Immagina di essere un centroboa, un campione. Alto 2 metri, 120 kg di muscoli, un mix incredibile di potenza, tecnica sopraffina e game instinct.
La predisposizione alla lotta, sopra e sott’acqua, la velocità di trasferimento da e per l’attacco. La capacità di leggere il gioco prima degli altri, di liberarsi e ricevere-deviare a rete un pallone che sorvola la testa del diretto avversario.
Immagina allora la quiete prima della tempesta.
Immagina di estraniarti dal rumore di ciò che ti circonda, e di restare solo con il rito pre-partita che consumi sul bordo vasca per avvicinarti alla battaglia: il sapone da strofinare sulle mani per aumentarne il grip, il copricostume, da infilare e stringere con maniacale precisione, la calottina da infilare, prendendo la misura con il mento prima di annodarla. Ti siedi, apri il contenitore delle lenti a contatto e con calma e la perizia di un chirurgo le applichi agli occhi.
E’ il momento: ti tuffi a occhi chiusi, li riapri lentamente per lasciare che le lenti facciano presa, guardi il mondo sommerso attorno a te, fatto di gambe che si muovono, di corpi in entrata dall’alto, di bolle.
Ora sei veramente pronto. Il fischio d’inizio è appena sfumato e tu sei già al centro, lotti sopra e sott’acqua, con energia, con violenza. Arriva il pallone, ma già 3 avversari sono sopra di te, uno ti affonda con la palla in mano, l’altro usa i tuoi lombari come trampolino per ripartire, spostandoti con forza.
Riemergi, riparti.
Tocca ancora a te, questa volta la palla è tua, giri l’avversario che non ci sta e ti strappa la calottina. E’ rigore, certo, ma la calottina è da buttare.
La cambi, ma non sarà l’unica cosa a non vedere la fine della partita, perché poco dopo anche il copricostume, lacerato, sarà da cambiare e ci sarà tempo perfino per mostrare graffi e lividi su braccia, gambe e schiena.
La partita finisce, tra colpi proibiti e giocate geniali, trattenute sommerse e scatti brucianti.
Sei di nuovo solo con te stesso negli spogliatoi, hai superato tutto questo: gli schizzi, le botte, le spinte, i pugni, gli affondamenti e le riemersioni vigorose, la calottina e il copri costume da buttare, forse anche il costume.

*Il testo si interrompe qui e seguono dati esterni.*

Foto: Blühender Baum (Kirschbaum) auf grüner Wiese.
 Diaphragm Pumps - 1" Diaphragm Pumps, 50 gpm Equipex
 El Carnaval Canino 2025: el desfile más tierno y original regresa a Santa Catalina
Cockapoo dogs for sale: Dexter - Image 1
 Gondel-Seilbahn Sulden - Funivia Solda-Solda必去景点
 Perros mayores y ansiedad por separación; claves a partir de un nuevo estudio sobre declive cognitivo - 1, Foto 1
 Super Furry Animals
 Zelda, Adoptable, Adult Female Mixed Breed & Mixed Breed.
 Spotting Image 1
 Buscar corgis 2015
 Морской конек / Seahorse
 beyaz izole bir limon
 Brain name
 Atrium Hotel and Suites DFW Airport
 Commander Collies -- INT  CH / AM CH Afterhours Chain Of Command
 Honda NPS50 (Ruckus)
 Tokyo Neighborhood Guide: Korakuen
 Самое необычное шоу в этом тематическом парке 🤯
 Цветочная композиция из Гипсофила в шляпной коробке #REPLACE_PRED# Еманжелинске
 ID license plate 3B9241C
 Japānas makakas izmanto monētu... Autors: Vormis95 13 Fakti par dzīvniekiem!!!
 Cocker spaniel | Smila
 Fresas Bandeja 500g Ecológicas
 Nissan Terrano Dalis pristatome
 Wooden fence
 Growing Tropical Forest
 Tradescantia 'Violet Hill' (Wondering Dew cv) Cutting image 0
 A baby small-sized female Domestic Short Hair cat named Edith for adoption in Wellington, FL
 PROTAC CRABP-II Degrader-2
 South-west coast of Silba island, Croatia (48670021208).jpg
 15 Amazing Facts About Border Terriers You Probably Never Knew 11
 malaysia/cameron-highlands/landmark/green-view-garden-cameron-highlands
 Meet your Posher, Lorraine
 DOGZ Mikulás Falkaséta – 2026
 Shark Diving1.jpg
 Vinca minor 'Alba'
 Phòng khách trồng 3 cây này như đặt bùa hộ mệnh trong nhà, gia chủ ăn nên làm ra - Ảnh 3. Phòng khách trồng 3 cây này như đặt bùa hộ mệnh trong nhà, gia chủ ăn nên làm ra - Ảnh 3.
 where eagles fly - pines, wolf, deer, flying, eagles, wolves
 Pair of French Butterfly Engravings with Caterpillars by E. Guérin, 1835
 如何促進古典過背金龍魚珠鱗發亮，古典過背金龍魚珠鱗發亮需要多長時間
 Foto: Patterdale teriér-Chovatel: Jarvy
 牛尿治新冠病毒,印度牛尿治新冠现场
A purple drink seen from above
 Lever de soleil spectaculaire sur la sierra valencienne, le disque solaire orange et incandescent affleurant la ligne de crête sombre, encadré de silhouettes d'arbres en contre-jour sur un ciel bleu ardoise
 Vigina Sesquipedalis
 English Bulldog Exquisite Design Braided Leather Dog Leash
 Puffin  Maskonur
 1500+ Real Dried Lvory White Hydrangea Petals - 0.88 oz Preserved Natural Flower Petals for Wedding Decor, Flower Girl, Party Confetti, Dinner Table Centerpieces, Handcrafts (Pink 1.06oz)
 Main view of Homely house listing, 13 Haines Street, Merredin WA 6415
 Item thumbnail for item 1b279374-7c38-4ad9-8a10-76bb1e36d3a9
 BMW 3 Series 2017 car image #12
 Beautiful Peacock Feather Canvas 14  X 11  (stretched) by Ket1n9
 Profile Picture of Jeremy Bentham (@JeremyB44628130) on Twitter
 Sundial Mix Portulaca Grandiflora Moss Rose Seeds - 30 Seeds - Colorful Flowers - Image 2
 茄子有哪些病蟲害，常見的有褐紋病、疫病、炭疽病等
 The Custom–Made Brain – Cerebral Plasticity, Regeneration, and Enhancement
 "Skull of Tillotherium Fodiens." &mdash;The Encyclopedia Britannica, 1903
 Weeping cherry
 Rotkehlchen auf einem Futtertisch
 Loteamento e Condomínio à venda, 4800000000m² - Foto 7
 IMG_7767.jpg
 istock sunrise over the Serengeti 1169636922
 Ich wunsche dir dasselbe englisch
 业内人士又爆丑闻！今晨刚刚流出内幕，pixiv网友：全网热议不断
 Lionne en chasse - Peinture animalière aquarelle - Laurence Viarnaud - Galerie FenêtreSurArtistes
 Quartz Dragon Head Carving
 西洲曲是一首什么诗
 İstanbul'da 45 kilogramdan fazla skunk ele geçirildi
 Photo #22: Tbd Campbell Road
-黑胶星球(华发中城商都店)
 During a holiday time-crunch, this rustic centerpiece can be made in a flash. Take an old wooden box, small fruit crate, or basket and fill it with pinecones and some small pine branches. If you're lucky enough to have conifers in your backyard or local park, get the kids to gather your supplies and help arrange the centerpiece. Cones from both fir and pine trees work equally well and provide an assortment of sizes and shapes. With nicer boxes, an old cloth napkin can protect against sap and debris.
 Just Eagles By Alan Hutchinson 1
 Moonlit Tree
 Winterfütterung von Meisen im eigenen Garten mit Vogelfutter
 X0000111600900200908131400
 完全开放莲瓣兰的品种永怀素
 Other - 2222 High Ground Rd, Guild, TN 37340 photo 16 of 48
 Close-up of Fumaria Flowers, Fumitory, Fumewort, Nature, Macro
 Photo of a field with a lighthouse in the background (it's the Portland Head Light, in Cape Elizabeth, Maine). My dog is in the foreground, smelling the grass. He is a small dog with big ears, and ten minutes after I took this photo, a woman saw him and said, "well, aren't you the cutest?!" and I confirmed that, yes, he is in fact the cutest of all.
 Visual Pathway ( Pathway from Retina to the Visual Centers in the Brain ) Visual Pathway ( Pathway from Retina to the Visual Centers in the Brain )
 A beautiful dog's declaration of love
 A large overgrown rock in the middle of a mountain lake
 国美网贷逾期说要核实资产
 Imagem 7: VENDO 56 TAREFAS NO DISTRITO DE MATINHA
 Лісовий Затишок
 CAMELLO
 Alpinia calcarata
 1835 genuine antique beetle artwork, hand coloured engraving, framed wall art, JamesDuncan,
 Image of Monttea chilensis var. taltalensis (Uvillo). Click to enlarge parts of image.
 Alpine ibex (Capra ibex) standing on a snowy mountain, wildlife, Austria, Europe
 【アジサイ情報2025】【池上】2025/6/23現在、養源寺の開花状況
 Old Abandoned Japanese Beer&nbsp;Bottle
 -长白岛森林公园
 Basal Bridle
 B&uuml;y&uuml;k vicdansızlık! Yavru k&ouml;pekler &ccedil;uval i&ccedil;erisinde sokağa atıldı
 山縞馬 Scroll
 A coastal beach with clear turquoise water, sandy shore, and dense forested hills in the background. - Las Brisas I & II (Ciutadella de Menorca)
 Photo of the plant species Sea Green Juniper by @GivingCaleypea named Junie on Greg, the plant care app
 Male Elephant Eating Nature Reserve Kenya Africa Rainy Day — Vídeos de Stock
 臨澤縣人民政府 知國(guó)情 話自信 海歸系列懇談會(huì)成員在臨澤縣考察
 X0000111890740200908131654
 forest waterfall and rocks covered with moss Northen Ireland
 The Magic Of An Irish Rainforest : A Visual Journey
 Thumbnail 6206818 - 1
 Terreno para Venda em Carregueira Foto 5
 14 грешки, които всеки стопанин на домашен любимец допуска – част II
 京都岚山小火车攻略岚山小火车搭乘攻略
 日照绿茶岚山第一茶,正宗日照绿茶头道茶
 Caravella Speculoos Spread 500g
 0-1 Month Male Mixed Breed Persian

Seduto sulla panchina, torni ad essere il chirurgo di 1 ora fa, e con gli stessi delicati movimenti rimuovi le lenti a contatto, unico elemento, delicato e indistruttibile, ad essere sopravvissuto alla battaglia insieme a te.
Emergere dall’anonimato significa sedurre, incuriosire, sorprendere, esaltare. Non solo i tifosi, non solo noi stessi, ma anche gli sponsor.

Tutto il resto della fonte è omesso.